Write out exactly the lines below starting at the one containing "Photo 16 of" and ending at the one containing "Used 2023 Toyota Camry SE image 11". Omit every picture.

> [Material supplied]
..............................
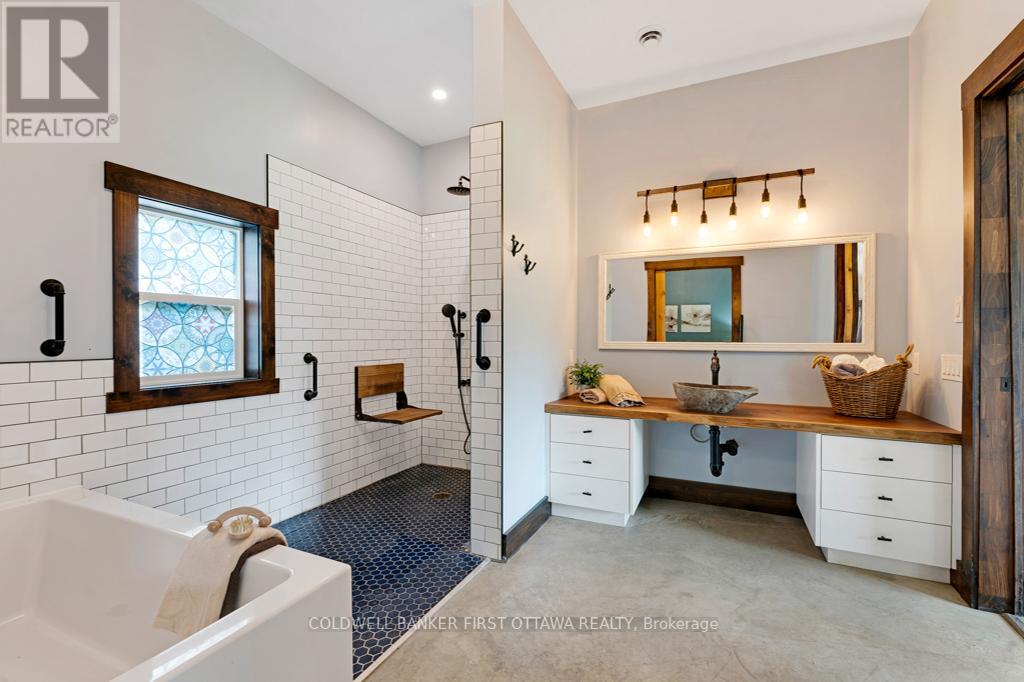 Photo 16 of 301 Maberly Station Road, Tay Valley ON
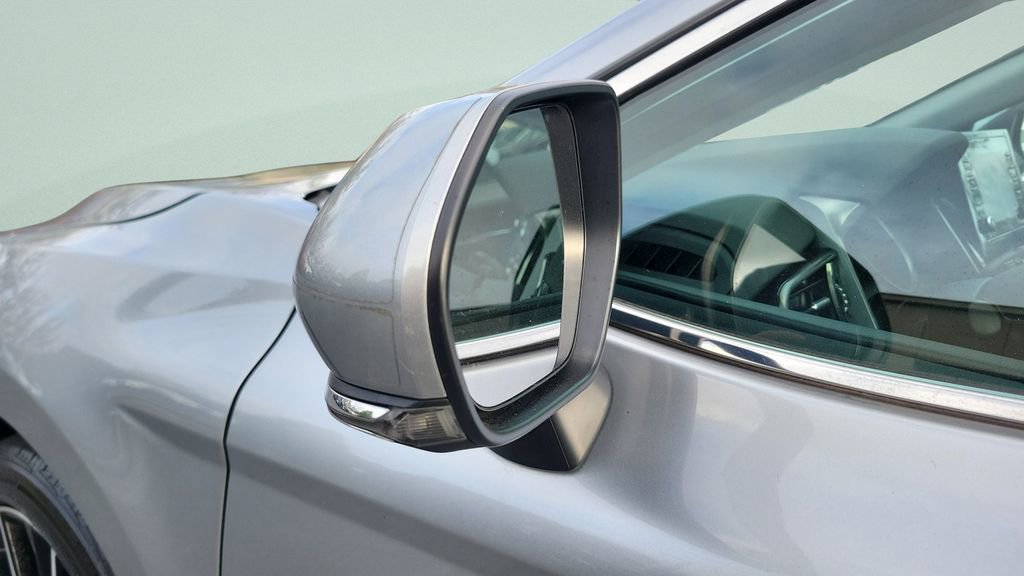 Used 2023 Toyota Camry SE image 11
..............................
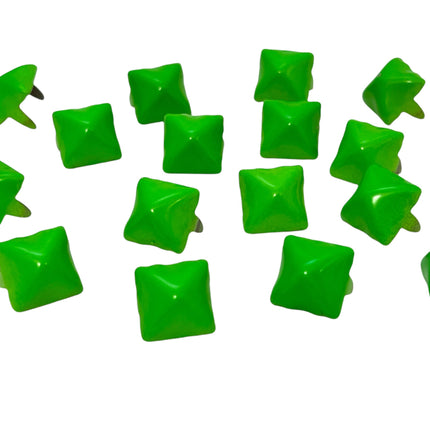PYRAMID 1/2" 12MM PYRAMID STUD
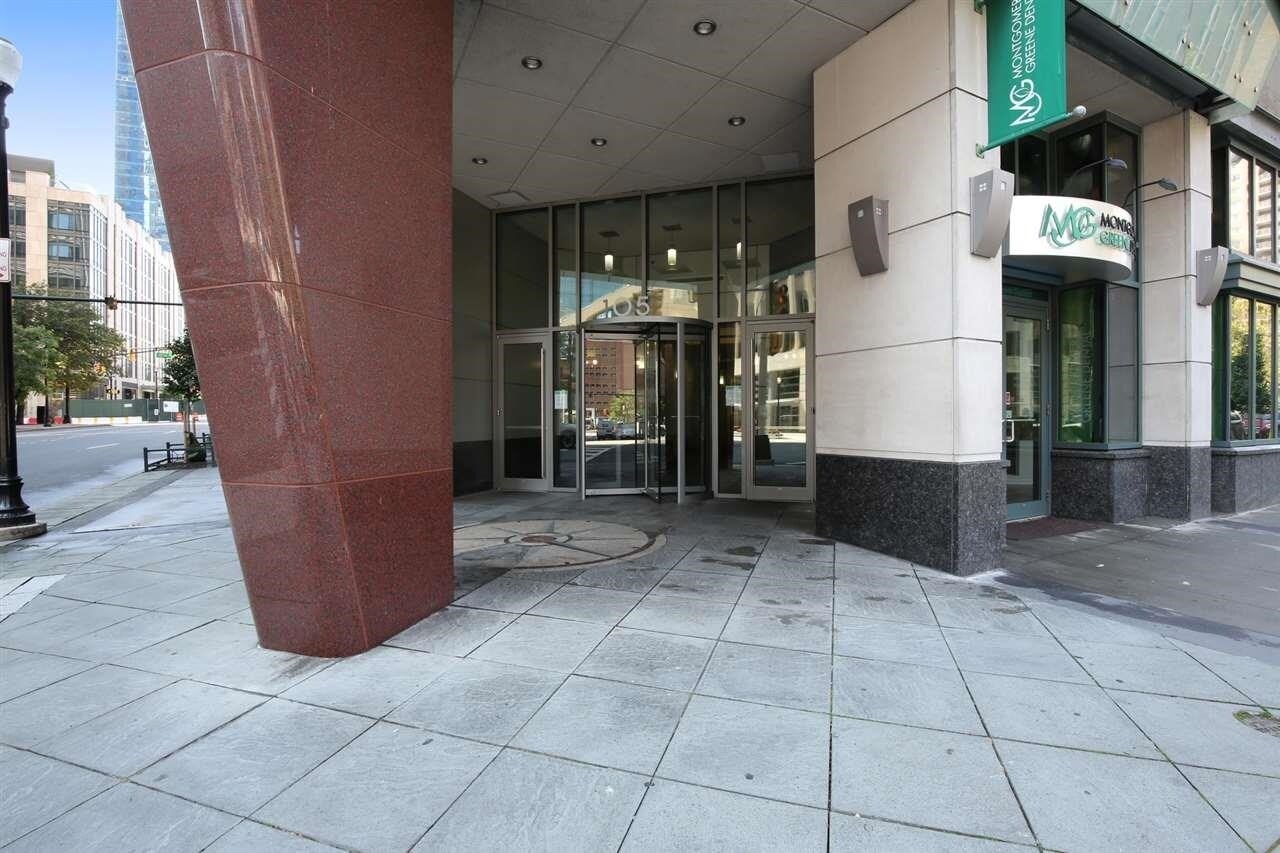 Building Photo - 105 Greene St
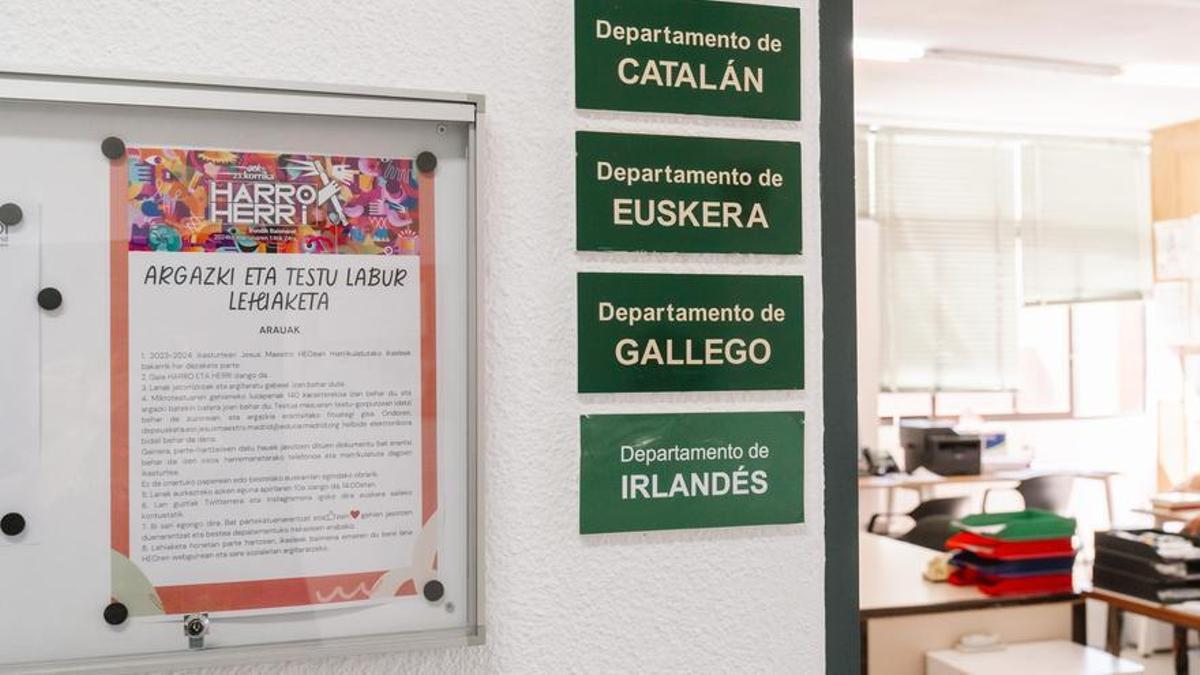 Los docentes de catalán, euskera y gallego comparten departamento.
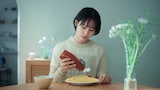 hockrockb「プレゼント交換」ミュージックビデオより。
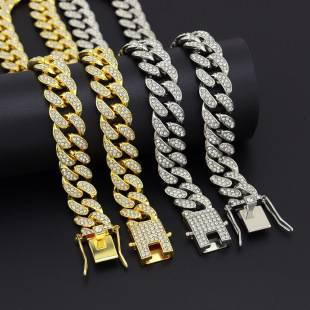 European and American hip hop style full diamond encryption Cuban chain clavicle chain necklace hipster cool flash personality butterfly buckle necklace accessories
..............................
> [Task result]
 Photo 16 of 301 Maberly Station Road, Tay Valley ON
 Used 2023 Toyota Camry SE image 11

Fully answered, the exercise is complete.